BEGIN INPUT FOR THIS TASK

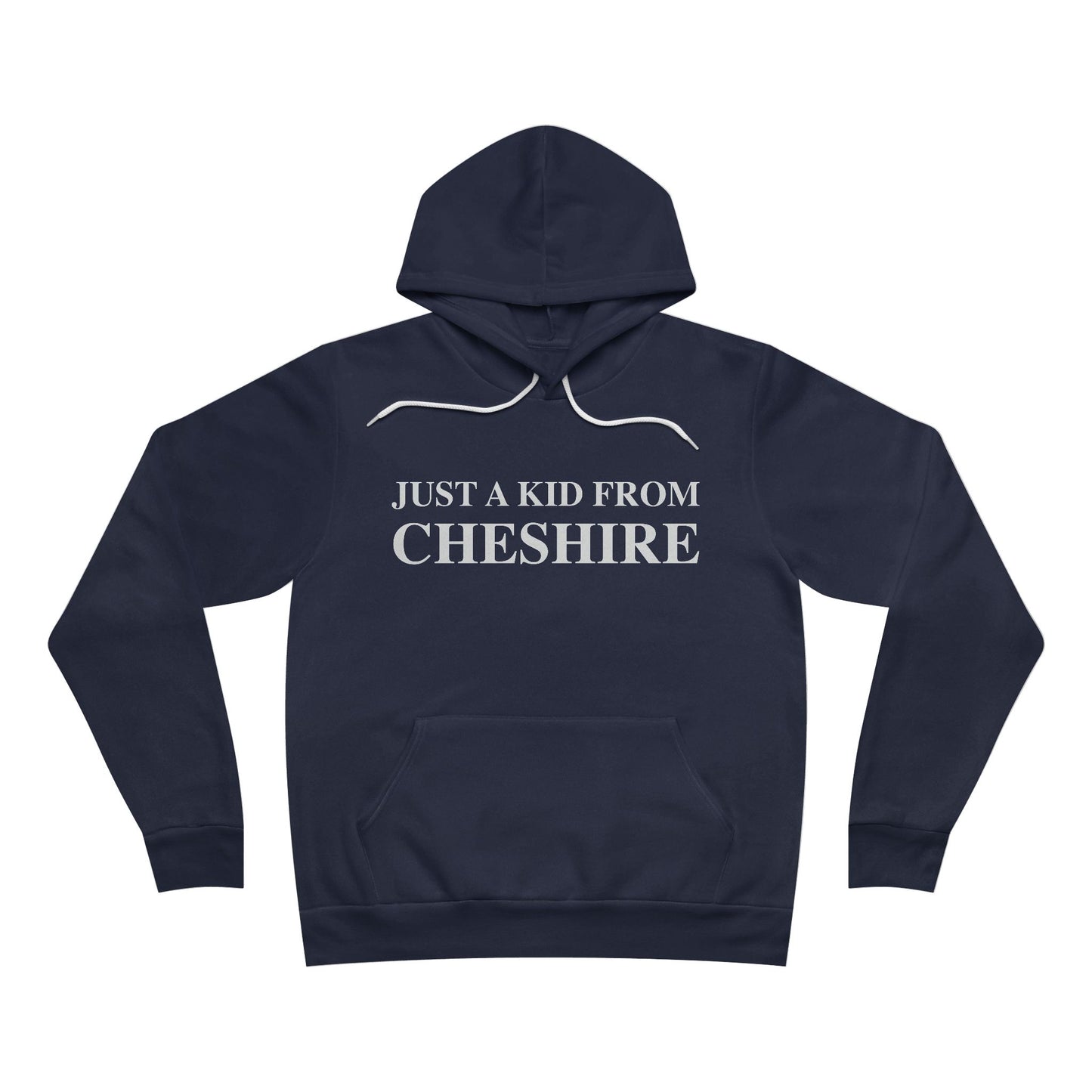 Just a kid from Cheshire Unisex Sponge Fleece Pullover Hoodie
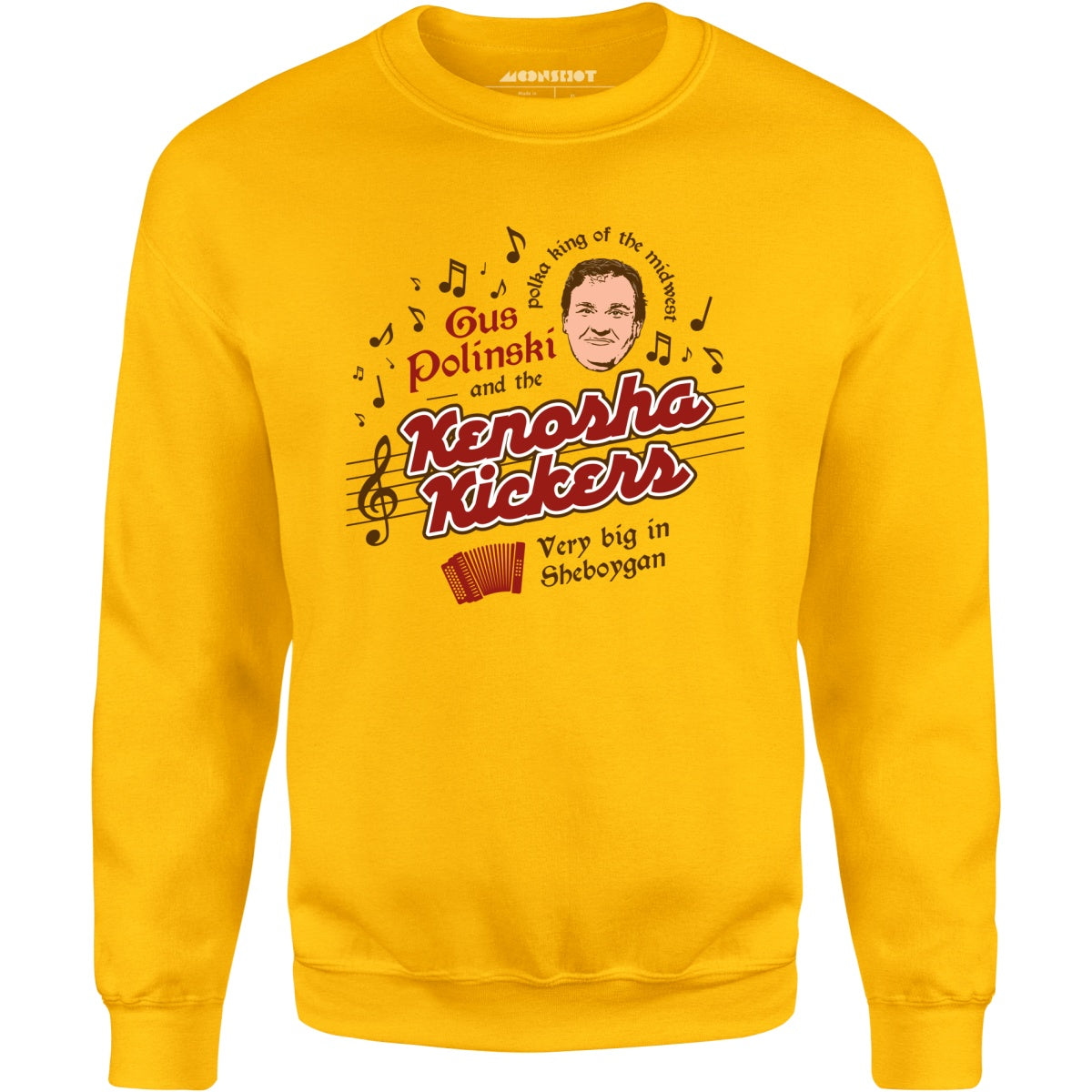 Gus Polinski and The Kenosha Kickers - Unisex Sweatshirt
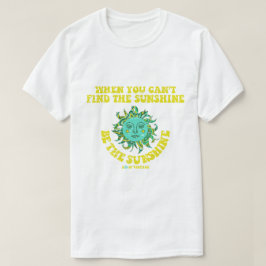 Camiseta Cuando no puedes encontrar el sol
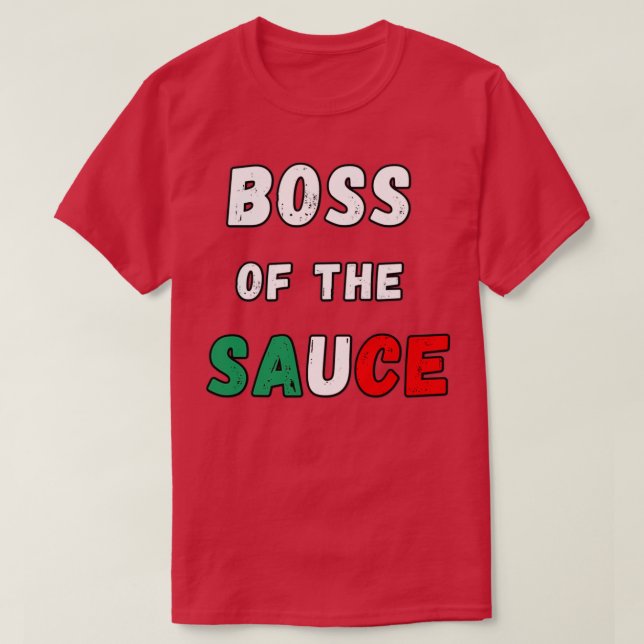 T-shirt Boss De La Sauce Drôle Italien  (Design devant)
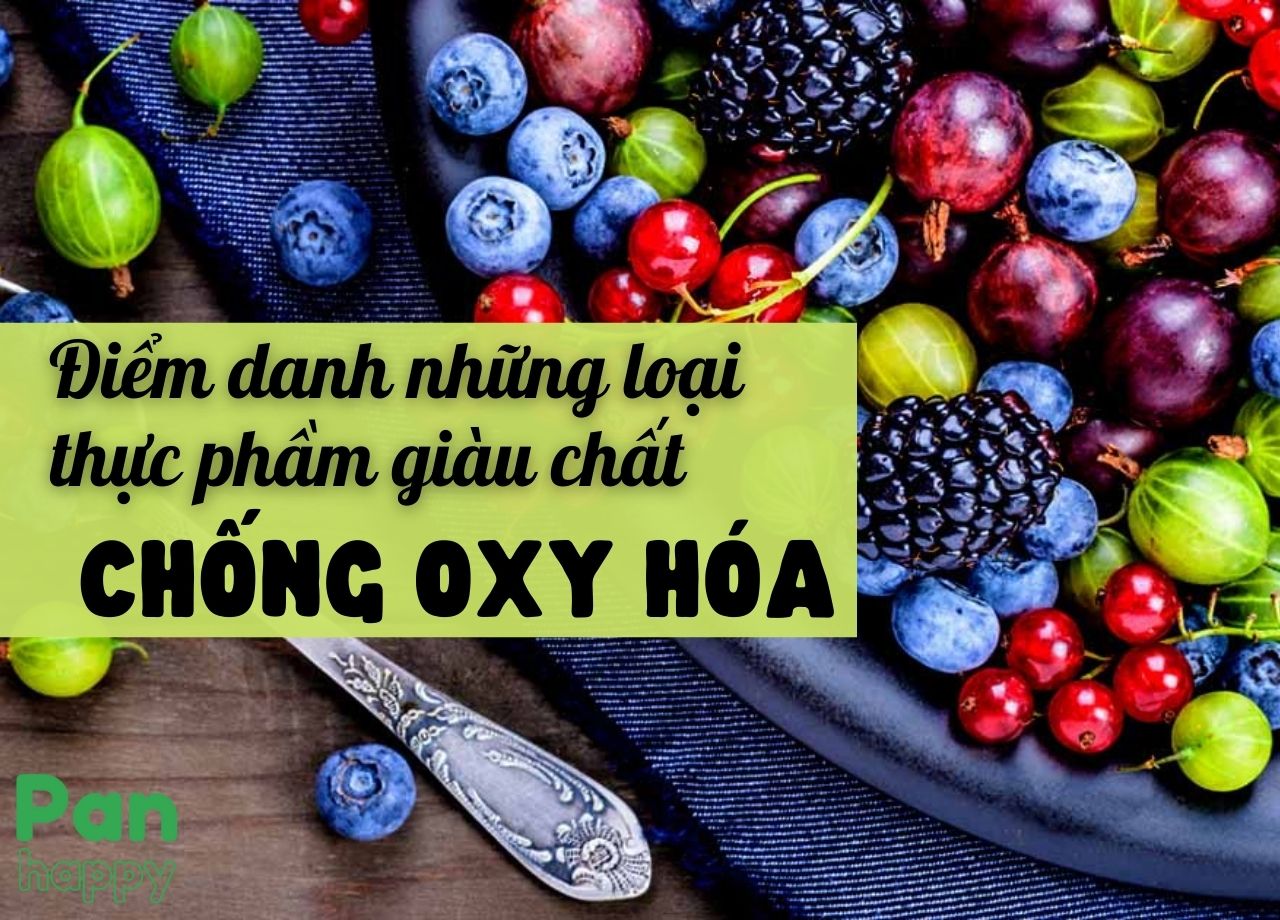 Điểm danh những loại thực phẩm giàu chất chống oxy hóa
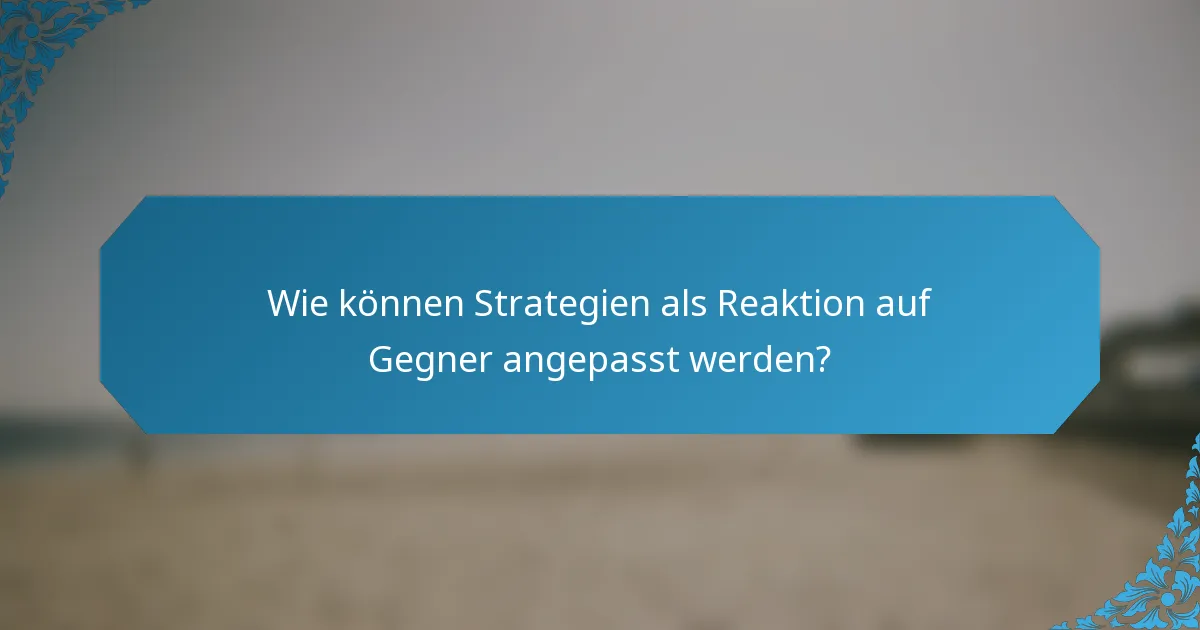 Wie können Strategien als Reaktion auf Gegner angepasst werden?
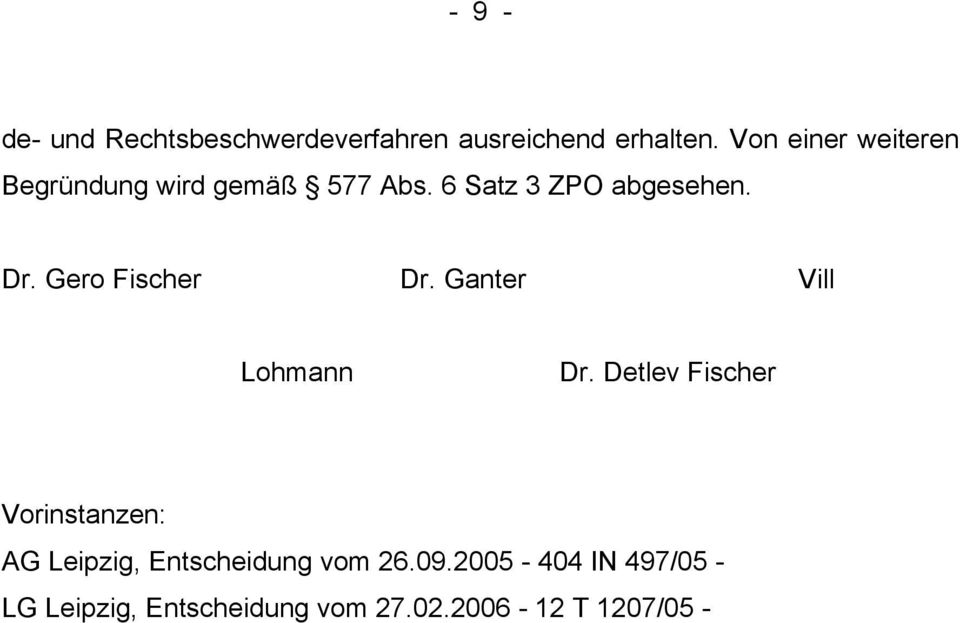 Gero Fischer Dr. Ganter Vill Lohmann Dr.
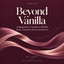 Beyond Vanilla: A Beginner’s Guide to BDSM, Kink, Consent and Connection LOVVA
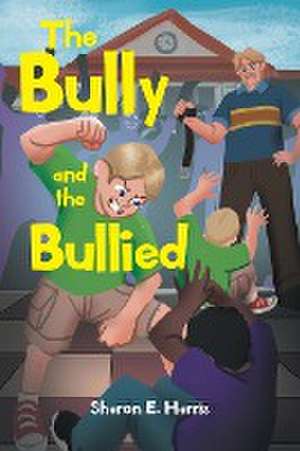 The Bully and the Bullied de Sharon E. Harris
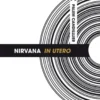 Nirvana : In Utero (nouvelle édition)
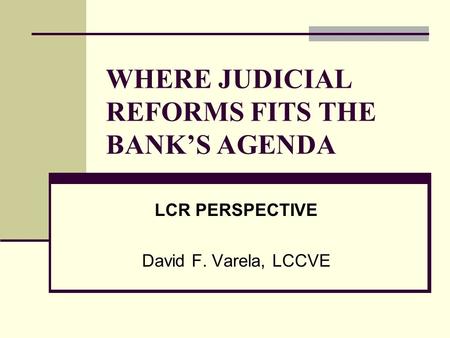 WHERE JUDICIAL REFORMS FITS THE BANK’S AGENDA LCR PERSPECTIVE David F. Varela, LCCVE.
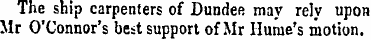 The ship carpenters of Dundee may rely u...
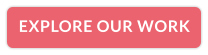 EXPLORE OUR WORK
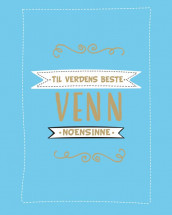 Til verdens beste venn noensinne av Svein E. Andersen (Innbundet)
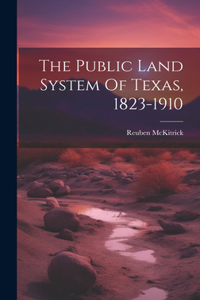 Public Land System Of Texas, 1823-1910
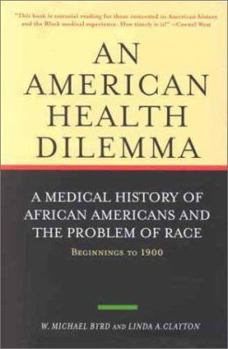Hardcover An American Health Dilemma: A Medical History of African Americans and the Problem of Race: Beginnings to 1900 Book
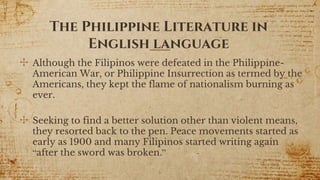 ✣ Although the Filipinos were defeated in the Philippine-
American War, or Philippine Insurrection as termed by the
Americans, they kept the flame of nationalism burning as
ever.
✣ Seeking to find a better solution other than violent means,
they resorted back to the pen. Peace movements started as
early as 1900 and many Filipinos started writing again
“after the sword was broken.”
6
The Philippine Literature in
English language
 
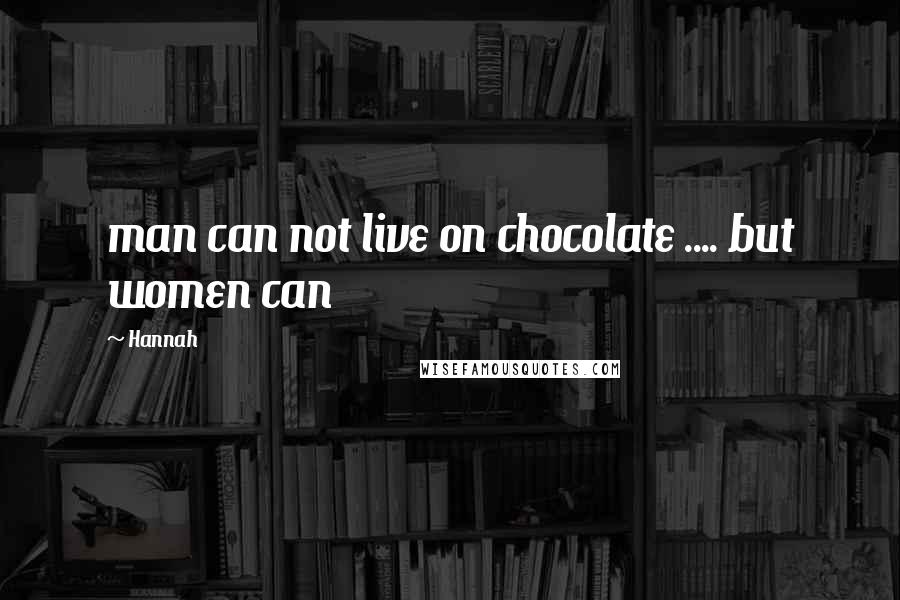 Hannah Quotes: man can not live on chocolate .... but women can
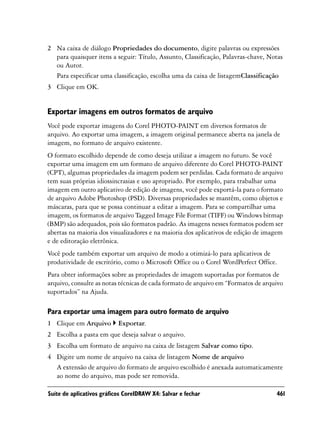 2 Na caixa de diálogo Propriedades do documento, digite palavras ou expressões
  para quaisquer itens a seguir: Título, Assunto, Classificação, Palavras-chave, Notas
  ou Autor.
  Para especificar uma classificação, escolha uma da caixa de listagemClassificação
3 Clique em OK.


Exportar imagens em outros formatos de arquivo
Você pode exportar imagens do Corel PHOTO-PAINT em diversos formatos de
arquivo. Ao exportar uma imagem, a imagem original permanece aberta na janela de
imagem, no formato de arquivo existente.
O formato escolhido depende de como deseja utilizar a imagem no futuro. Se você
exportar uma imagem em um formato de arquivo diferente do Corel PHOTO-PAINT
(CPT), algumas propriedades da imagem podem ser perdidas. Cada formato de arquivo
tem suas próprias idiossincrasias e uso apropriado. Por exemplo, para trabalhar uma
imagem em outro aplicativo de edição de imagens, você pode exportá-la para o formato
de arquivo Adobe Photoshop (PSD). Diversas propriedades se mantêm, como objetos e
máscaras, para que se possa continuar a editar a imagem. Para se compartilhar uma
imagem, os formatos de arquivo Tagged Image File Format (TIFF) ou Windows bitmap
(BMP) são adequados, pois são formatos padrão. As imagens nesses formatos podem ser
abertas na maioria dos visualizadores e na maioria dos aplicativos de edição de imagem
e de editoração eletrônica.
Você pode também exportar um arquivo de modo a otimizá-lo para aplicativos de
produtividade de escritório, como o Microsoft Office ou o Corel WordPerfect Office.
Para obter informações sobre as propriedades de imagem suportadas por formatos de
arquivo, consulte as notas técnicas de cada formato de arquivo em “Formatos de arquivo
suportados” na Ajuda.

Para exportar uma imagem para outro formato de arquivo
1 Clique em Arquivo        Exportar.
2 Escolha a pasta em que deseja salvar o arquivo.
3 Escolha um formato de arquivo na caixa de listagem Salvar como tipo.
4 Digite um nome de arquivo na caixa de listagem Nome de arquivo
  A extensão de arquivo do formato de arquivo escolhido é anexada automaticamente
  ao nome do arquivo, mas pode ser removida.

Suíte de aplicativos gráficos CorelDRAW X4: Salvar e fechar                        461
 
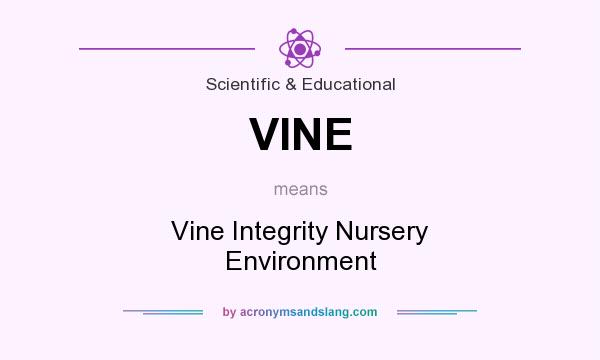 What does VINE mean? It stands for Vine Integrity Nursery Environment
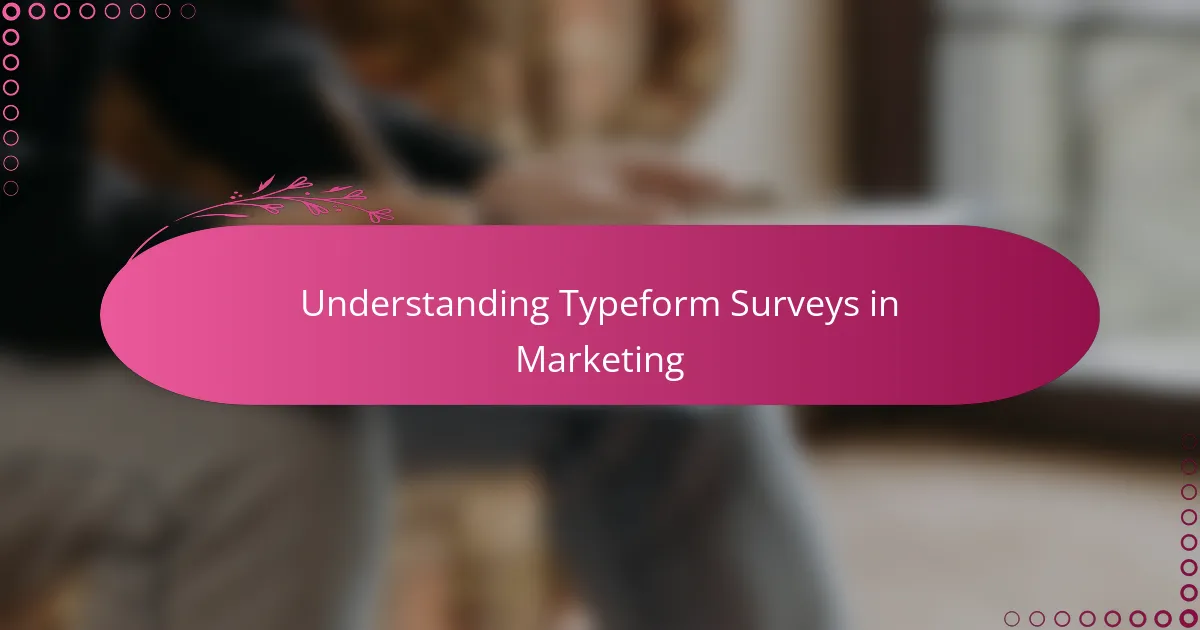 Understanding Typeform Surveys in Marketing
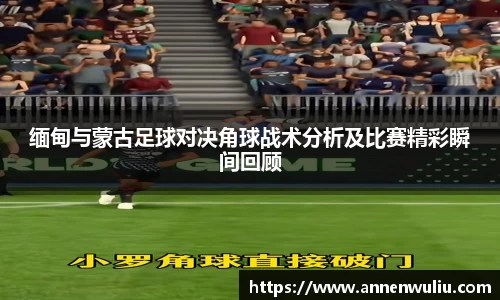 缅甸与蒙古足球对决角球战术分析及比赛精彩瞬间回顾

END INPUT FOR THIS TASK

Above are some records. Copy each of their lines that holds the string "podem".

(CPT), algumas propriedades da imagem podem ser perdidas. Cada formato de arquivo
(BMP) são adequados, pois são formatos padrão. As imagens nesses formatos podem ser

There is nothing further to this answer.